Should we interpolate the bad channels and re-reference the data before and after running ICA? Given that interpolation and referencing can modulate the covariance matrix, it seems to me that they should be applied after ICA.
Finally, to reduce ICA fitting time, can I decimate EEG data recorded at 1024 Hz to 256 Hz, and apply the solution to the original 1024 Hz data?
I’ve also seen labs set n_components=0.99 to reduce the fitting time, is it ok (instead of default 0.99999…)?
Short answers: yes to all, regarding re-referencing I recommend that you remove bad channels, re-reference to average, run and apply ICA, and then interpolate removed channels.

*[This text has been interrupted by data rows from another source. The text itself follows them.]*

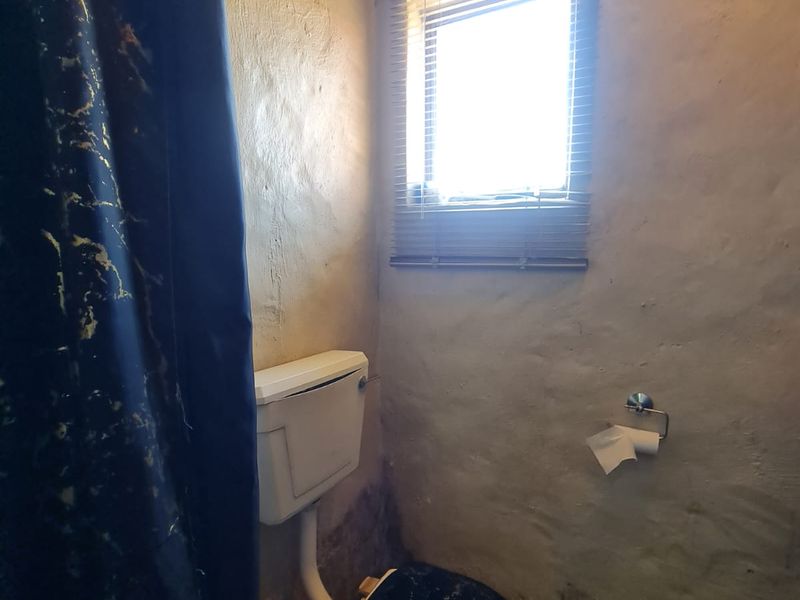A small bathroom featuring a standard toilet and window, currently showing significant wear to the wall finishes and requiring cosmetic updates.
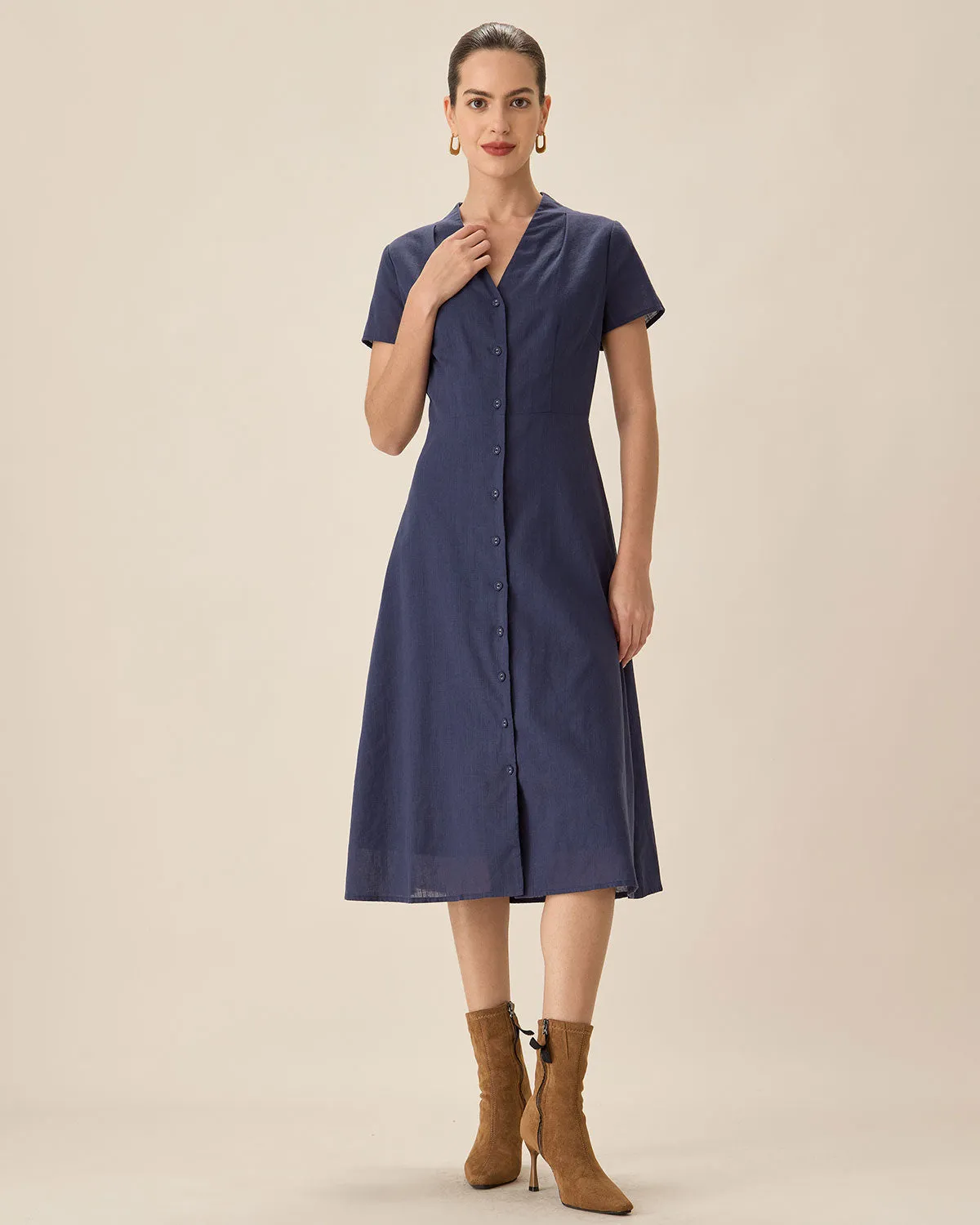 Navy Collared Button Midi Dress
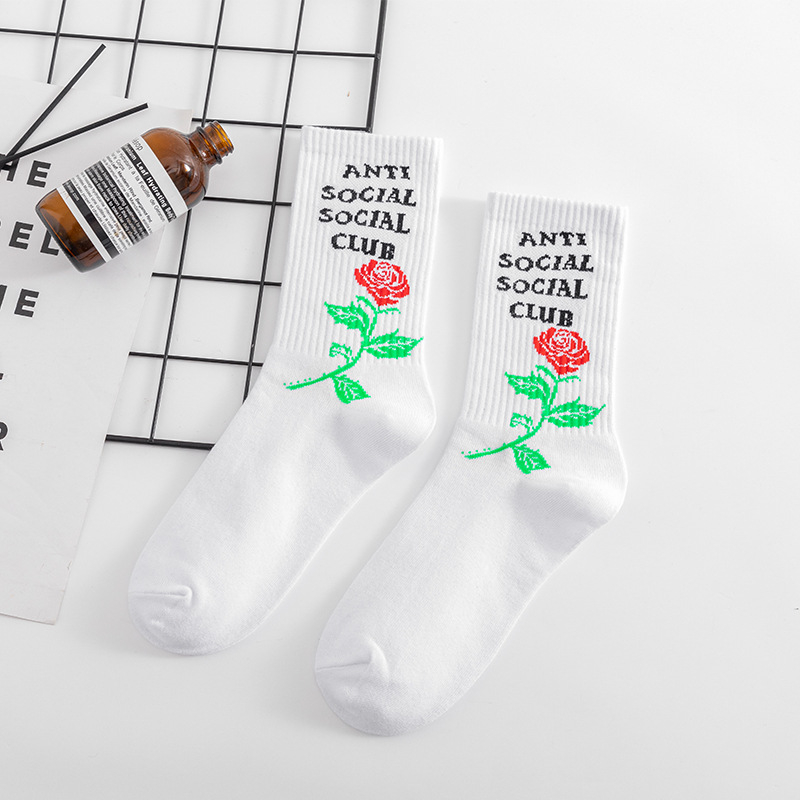 ถุงเท้า Anti Socail Socail Club ลายไฟ กุหลาบ ของมีพร้อมส่ง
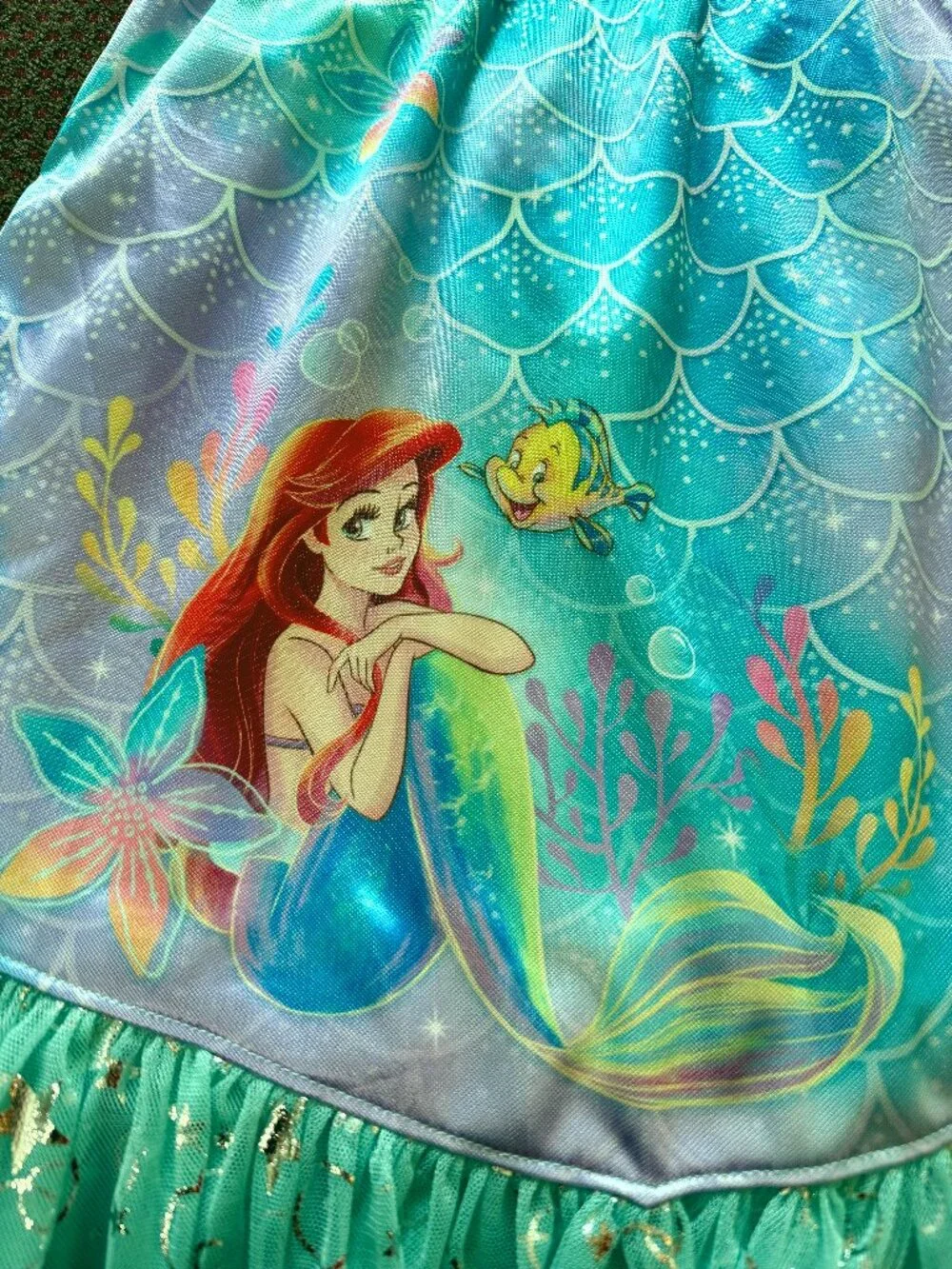 Disney Ariel Little Mermaid Girls Fantasy Gown 2-Pack Multi Teal NWT Lot of 2 - Picture 3 of 12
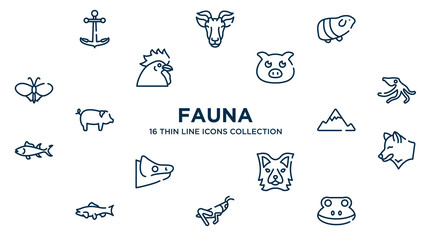 concept of 16 fauna outline icons such as boat anchor, guinea pig heag, farm pig, wild octopus, angular mountain, wolf head, border collie head, grasshopper sitting, frog head vector illustration.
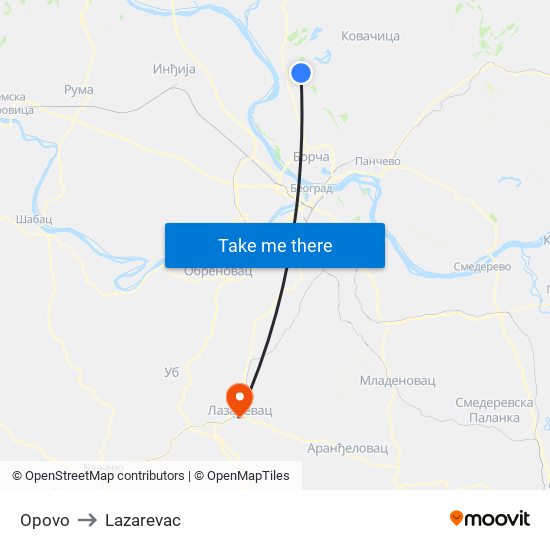 Opovo to Lazarevac map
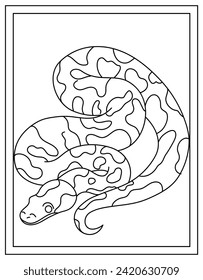 Colouring page of cobra, editable vector 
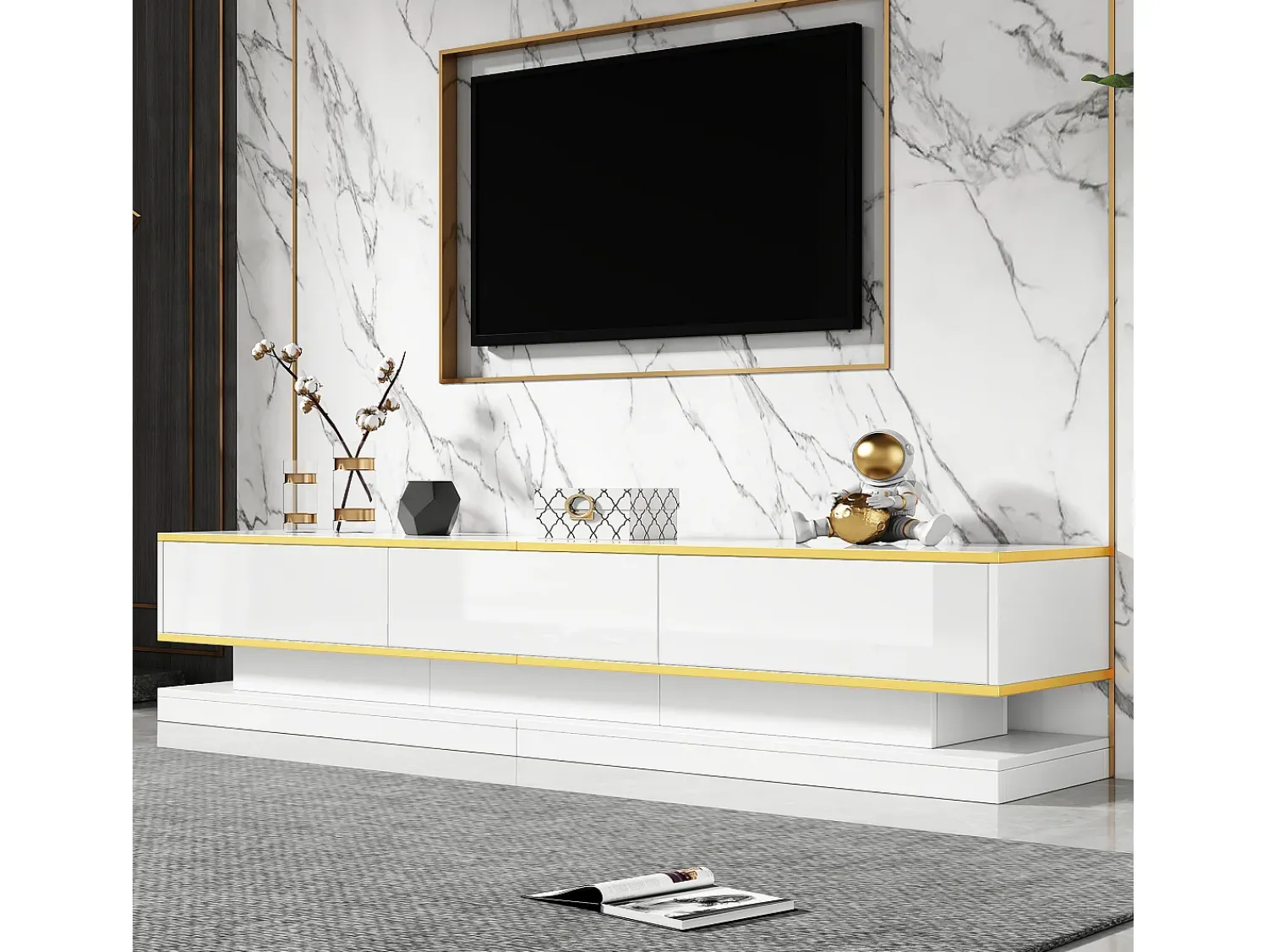 Móvel De Tv*ModernLuxe Móvel para TV brilhante 200×40×40 cm - 3 gavetas - Painel de partículas - Branco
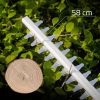 Akumulátorové nožnice na živý plot 20V Li-Ion 2Ah batéria, 580 mm čepeľ, brzda Quick Stop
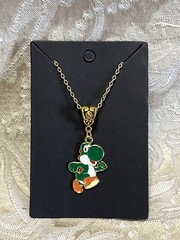 Cartoon Yoshi Video Game Gold Enamel Bohemian Fashion Trendy Necklace 18”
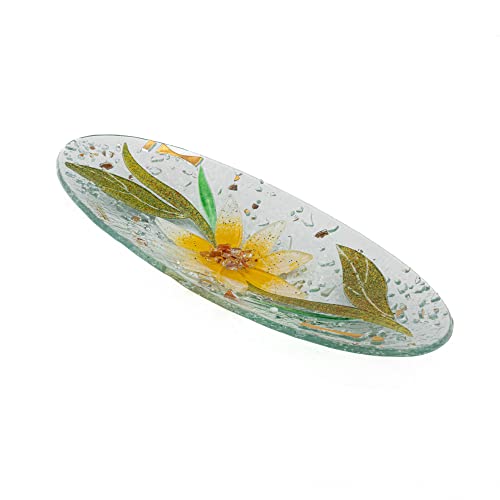 SOSPIRI VENEZIA Murano-Glas-Gegenstandsablage mit floraler Dekoration Tafelaufsatz Wohndekoration Geschenkidee handgefertigt in Italien (28 x 11 cm oval) von Sospiri Venezia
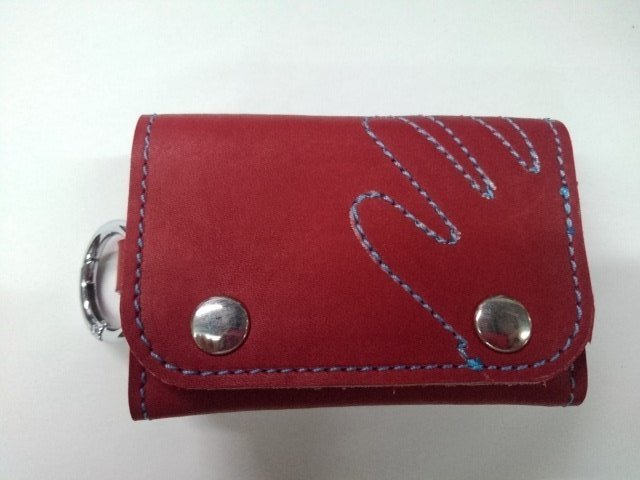野球グローブの革製　 コンパクトウォレット　三つ折り財布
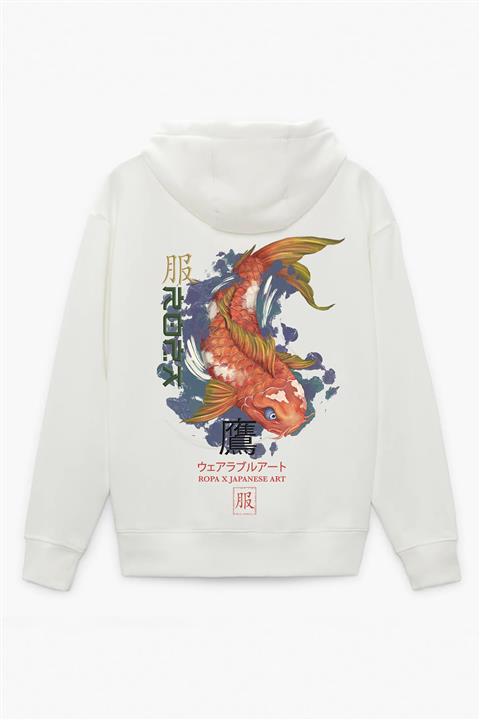 ROPA Koi Balığı Beyaz Unisex Sweatshirt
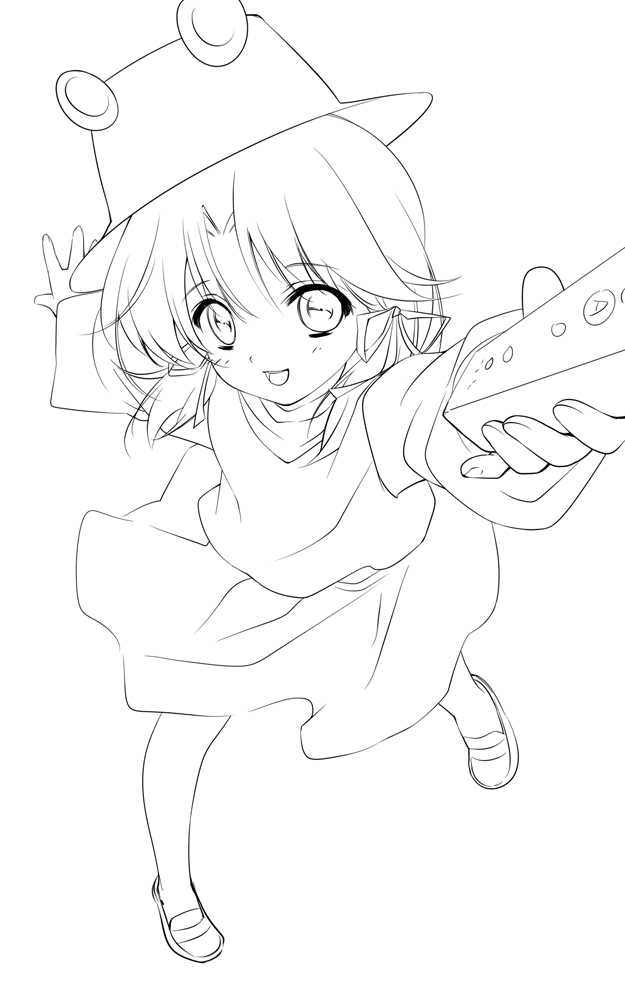 1girl bad_id bad_pixiv_id female_focus game_console greyscale lineart monochrome moriya_suwako nintendo santa_matsuri solo team_shanghai_alice touhou wii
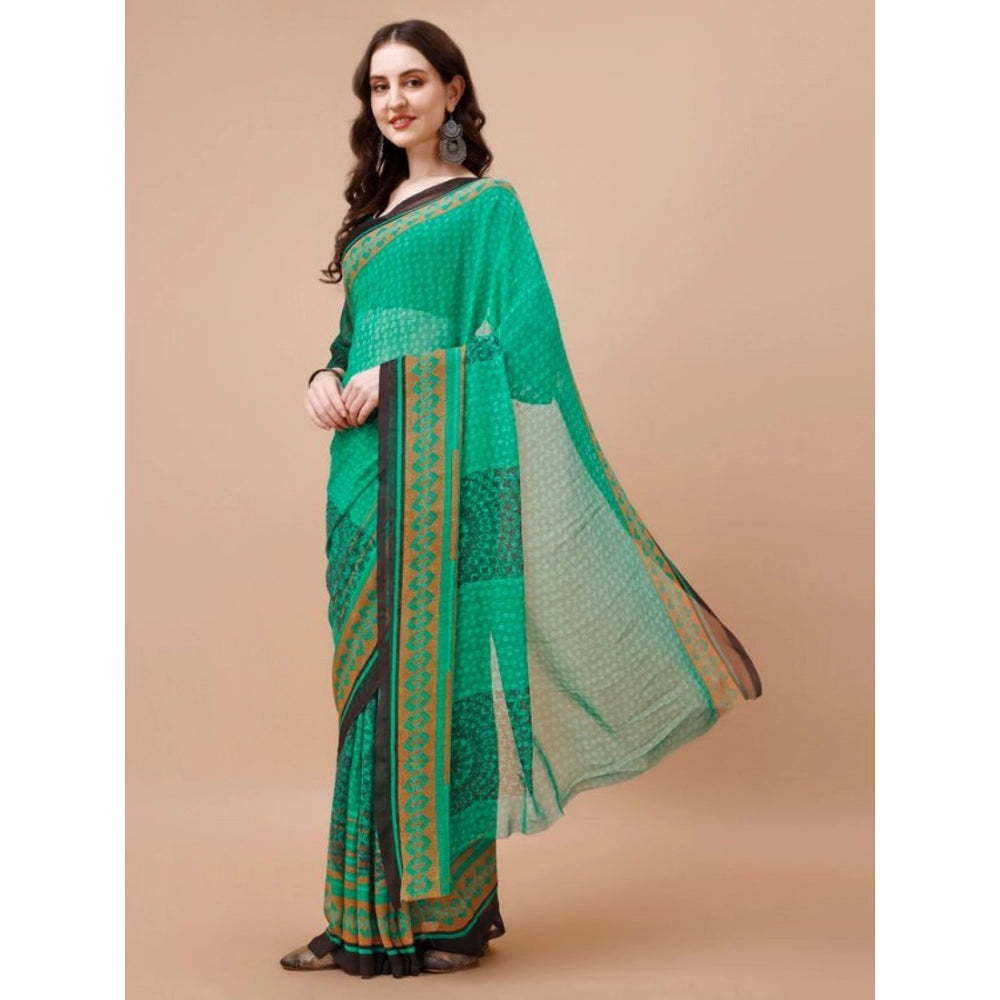 Generic Women's Weightless Floral Printed Saree With Unstitched Blouse (Green, 5-6 Mtrs) - Noble Nook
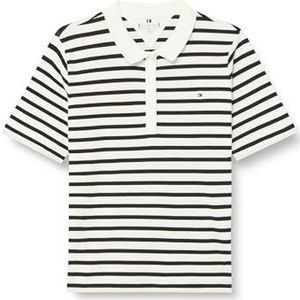 Tommy Hilfiger Dames CRV 1985 Reg Pique STP Polo Ss S/S polo's, wit, 48, Bretonse Ecru/Woestijnhemel, 48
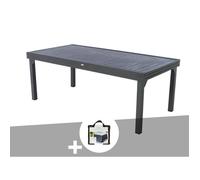 Table extensible rectangulaire alu Piazza 10/12 places Graphite + Housse - Hespéride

So, you recommend re-referencing before running the ICA and then interpolating: is this really important? And what does it imply to make the average reference before or after?
I would re-reference to average before ICA just because that’s what most people do. However, you are right that in theory, the reference does not influence the decomposition (see e.g. Re-referencing - EEGLAB Wiki).
Re-referencing and interpolating bad channels are two separate processing steps, and I don’t think the order really matters, but it also depends on why you use ICA in the first place. Do you use ICA to zero out ocular activity? Or do you use ICA to isolate neural components, which you analyze in subsequent steps? I’m assuming you’re using the former approach (otherwise why would you care to interpolate bad channels), i.e., you stay in EEG space, and here the most common pipeline is remove bads → average reference → ICA → interpolate bads → optionally average reference again with the full (partly interpolated) channel set.
Regarding your specific question why it matters if you re-reference to average before or after ICA: it doesn’t matter in theory, but if you are inspecting source topographies, these might be easier to interpret if they are derived from average reference data.